月夜のドッグファイト

インターネット日記帳

まことに小さなトレーナーが

ー開花期を迎えようとしている。

 

小さなといえば、レーティング初めのトレーナーほど小さな存在はなかったであろう。

経験といえば四天王をレベル差でフルボッコにしたものしかなく、戦力といえばストーリーの過程で得られたポケモンしかなかった。

wi-fiマッチングの登場によって、トレーナーは手軽なネット対戦環境を得た。

 

誰もが、「対戦者」となった。

 

不慣れながら「対戦者」となったトレーナーは、育成史上の最初の体験者として、その新鮮さに昂揚した。この痛々しいばかりの昂揚が分からなければ、この段階の歴史は分からない。

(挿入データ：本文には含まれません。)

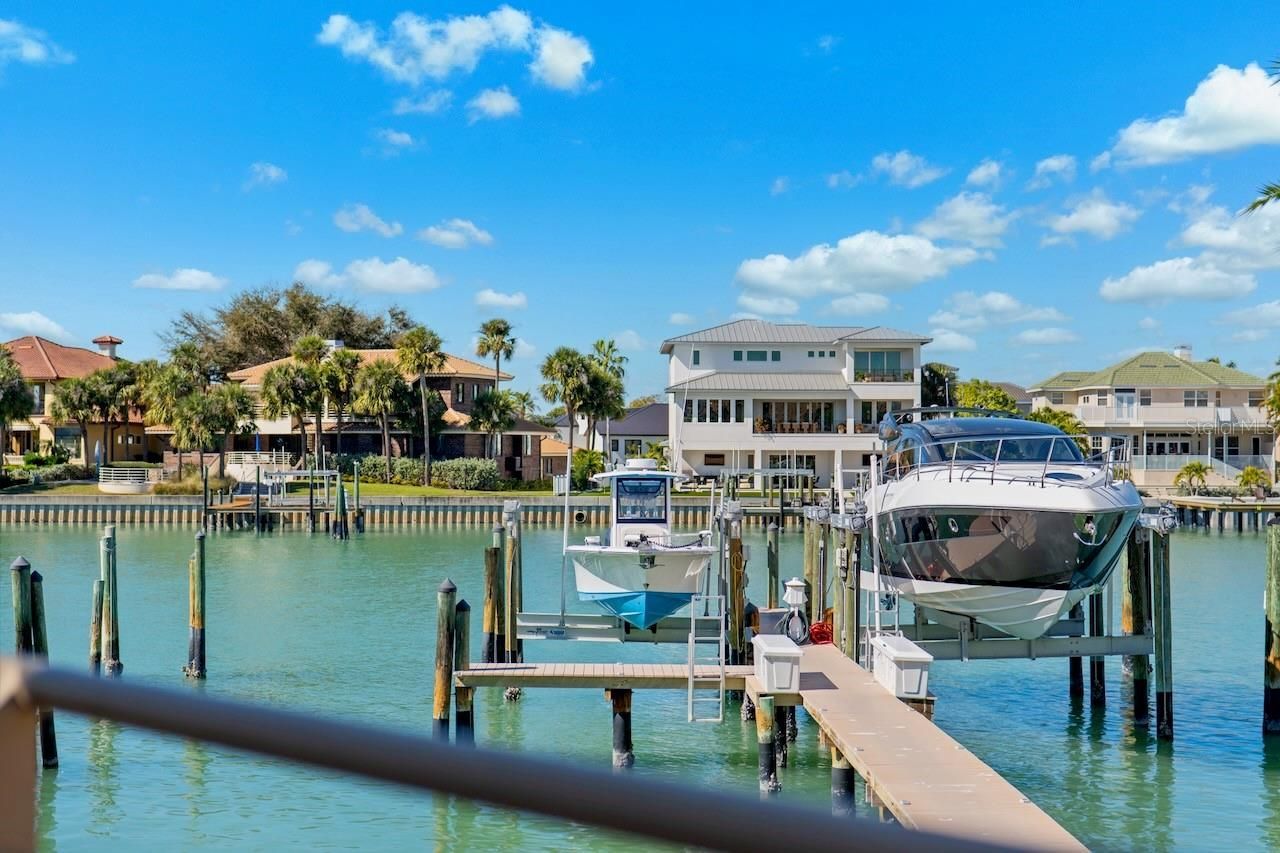740 Pinellas Bayway S, Tierra Verde, FL 33715 Photo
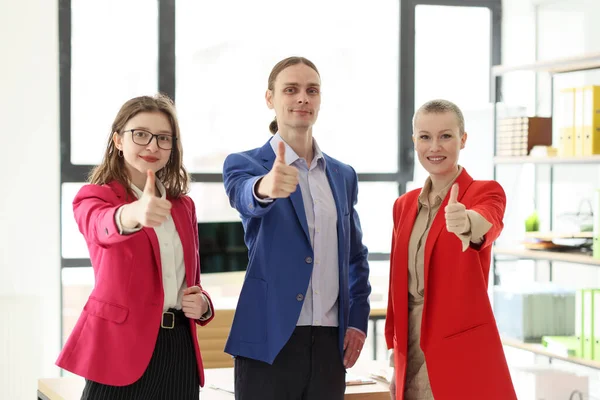 Счастливая Команда Сотрудников Показывает Большие Пальцы Вверх Современном Офисе Компании — стоковое фото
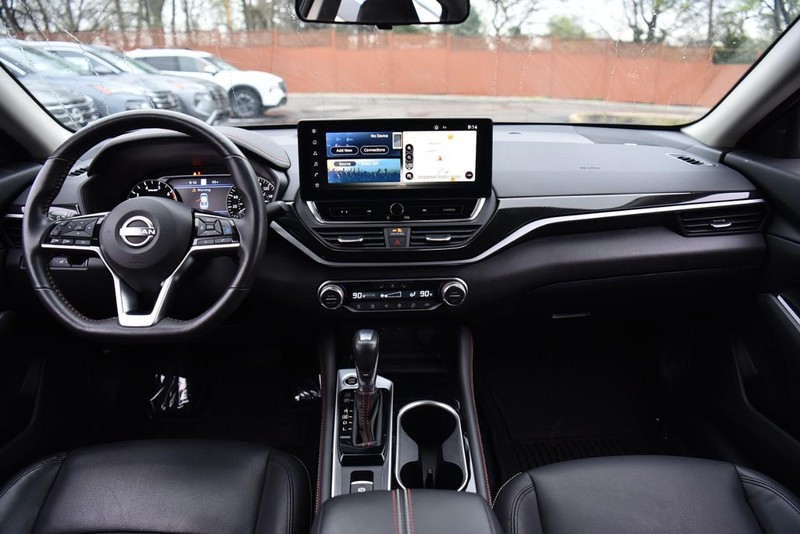 Nissan Altima Vehicle Image 08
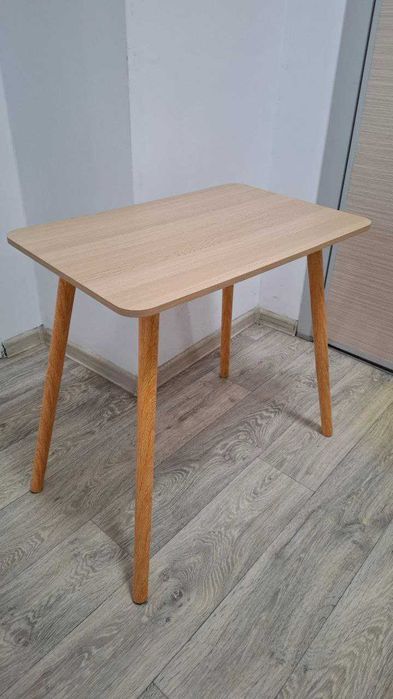 Журнальный столик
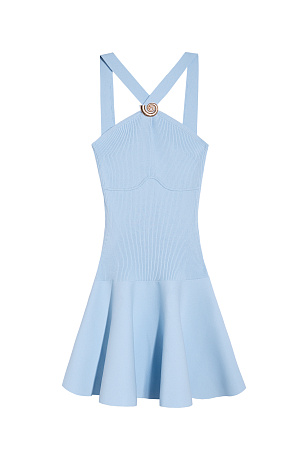 голубой Трикотажное платье длины мини из вискозы. Модель приталенного силуэта на широких бретельках, перекрещенных на лифе и декорированных пряжкой в виде ракушки. Изделие с открытой спинкой, вывязанным лифом и юбкой-солнце.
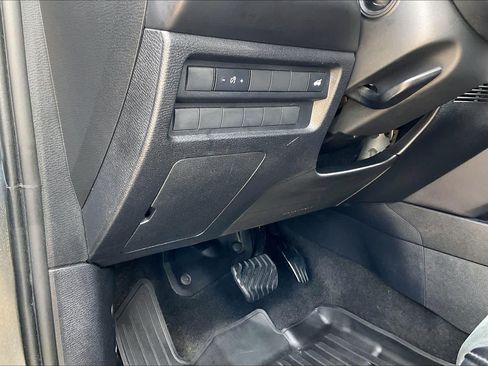 Used 2024 Mitsubishi Outlander SE AWD/4WD image 62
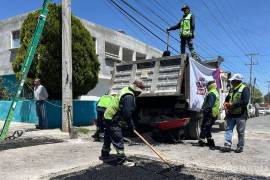 El alcalde Javier Díaz González señaló que las lluvias de julio complicaron las labores de bacheo y retrasaron obras en Saltillo.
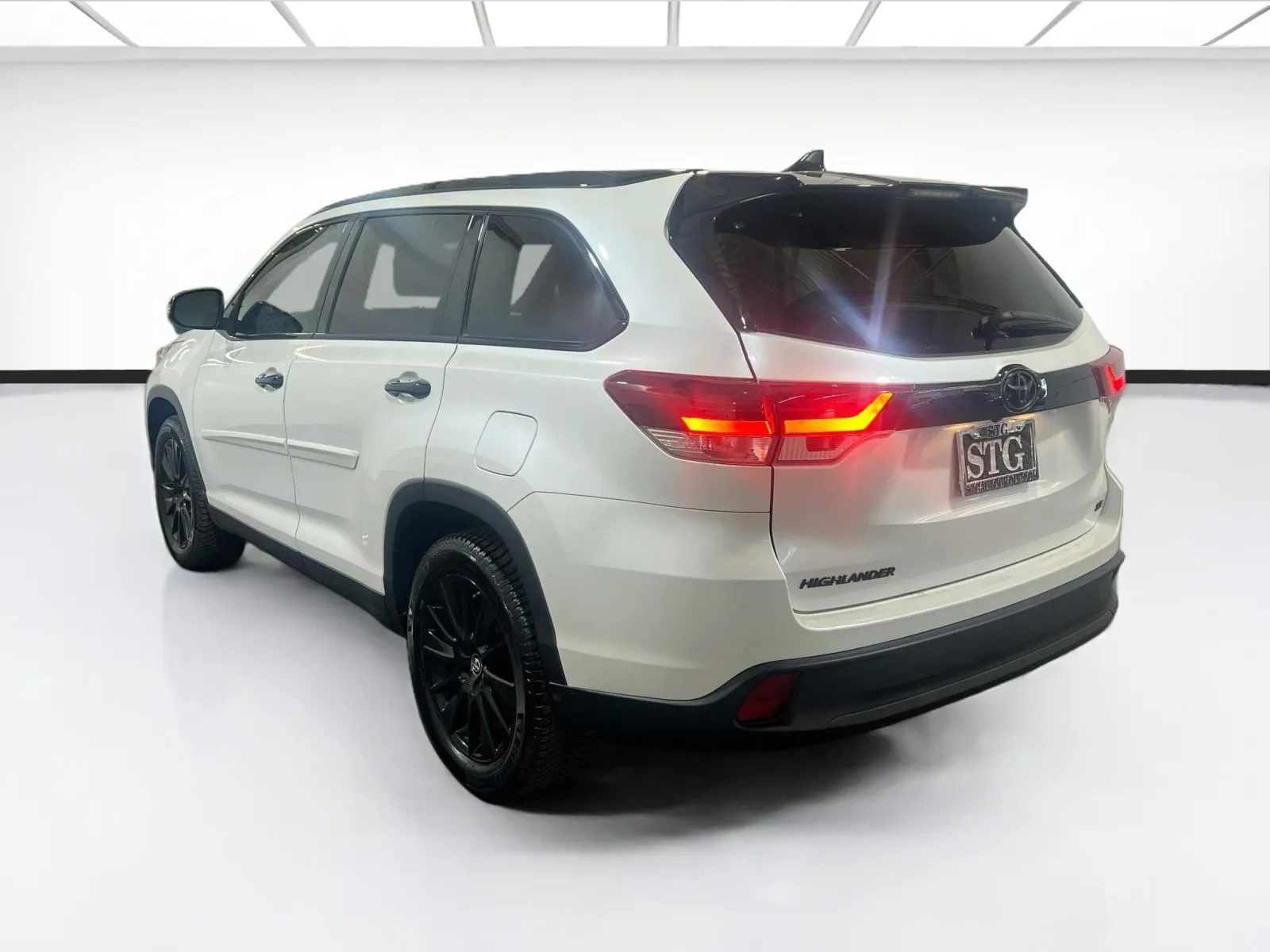 Toyota Highlander photo 6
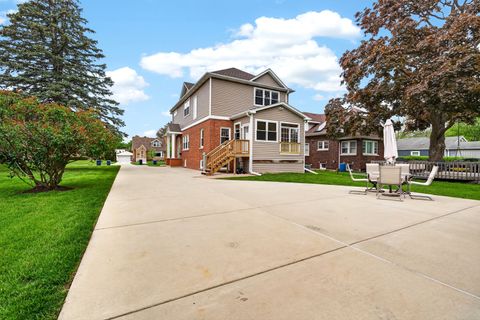 Tiny photo for Des Plaines, IL 60016 (MLS # 12647032)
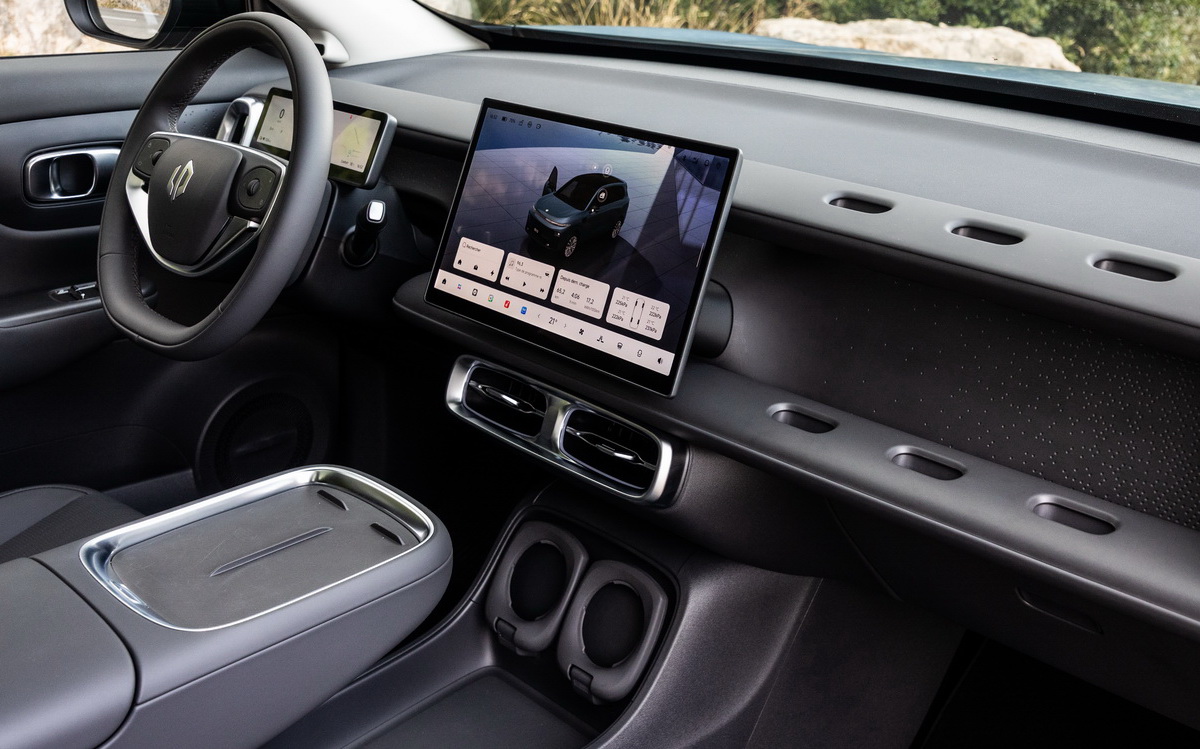 Leapmotor-B10-EV-interior-2026 (9)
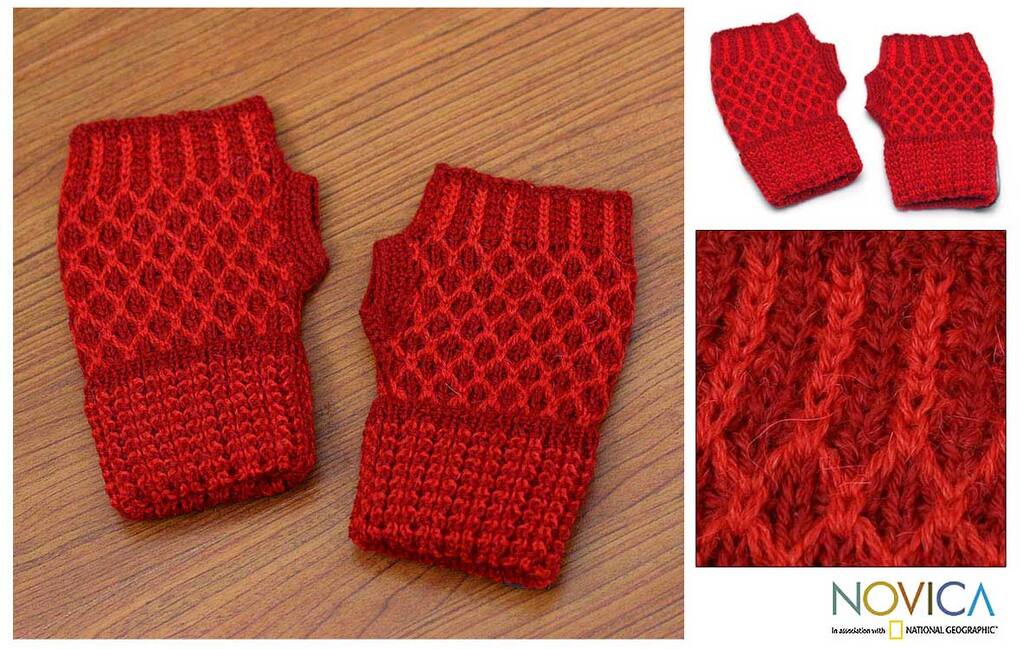 Handmade Alpaca Wool 'Holly Berry' Fingerless Gloves (Peru)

社会のどういう階層の子でも、どういう家庭の子でもある一定の数値を粘れる気力と根気さえあれば、シングルでも、ダブルでも、トリプルでも、ローテでも遊び得た。

 

今から思えば実に滑稽なことに、御三家と禁伝のほかに主要戦力のないこのトレーナー連中は、玄人と同じ準伝説を持とうとした。めざパ理想個体も同様である。時間の足りるはずがない。

 

が、ともかくも強いパーティを作るというのは、元々対戦参加の大目的であったし、参加後の新トレーナー達の少年のような希望であった。

 

この物語は、その小さなトレーナーがシングルにおいて一つの壁となるレート2000を目指し、どのように振る舞ったかという物語である。ともかく、我々は3人の人物の跡を追わねばならない。

 

地方はイッシュの東に三人の男がいた。この古い社に生まれた「秋山ボルトロス」は、環境が進むにあたり、単独での突破は不可能と言われた受けループを滅ぼす技構成を考え、それを実行した。その兄の「秋山ランドロス」は、独特のタイプを持ち、史上最強といわれたガブリアスのKPを上回るという奇跡を遂げた。もう一人は、複数の特性を持ち、それらを全て有効活用させる万能さを発揮した老人「正岡ローブシン」である。

 

彼らは第六世代という時代の流れの中、前のみを見つめながら歩く。

進んでいく対戦の最中、もしひとつの有効急所が見えるとすれば、それのみを見つめて技を当てていくであろう。